RECORDED INFORMATION =
***

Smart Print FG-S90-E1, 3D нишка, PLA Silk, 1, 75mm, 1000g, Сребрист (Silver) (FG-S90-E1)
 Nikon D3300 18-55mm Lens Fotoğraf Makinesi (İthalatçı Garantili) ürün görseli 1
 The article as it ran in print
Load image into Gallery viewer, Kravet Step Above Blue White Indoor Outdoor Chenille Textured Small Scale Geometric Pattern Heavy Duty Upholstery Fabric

***

Please reproduce the entire listing. Keep it identical.

WRITTEN RESPONSE =
Smart Print FG-S90-E1, 3D нишка, PLA Silk, 1, 75mm, 1000g, Сребрист (Silver) (FG-S90-E1)
 Nikon D3300 18-55mm Lens Fotoğraf Makinesi (İthalatçı Garantili) ürün görseli 1
 The article as it ran in print
Load image into Gallery viewer, Kravet Step Above Blue White Indoor Outdoor Chenille Textured Small Scale Geometric Pattern Heavy Duty Upholstery Fabric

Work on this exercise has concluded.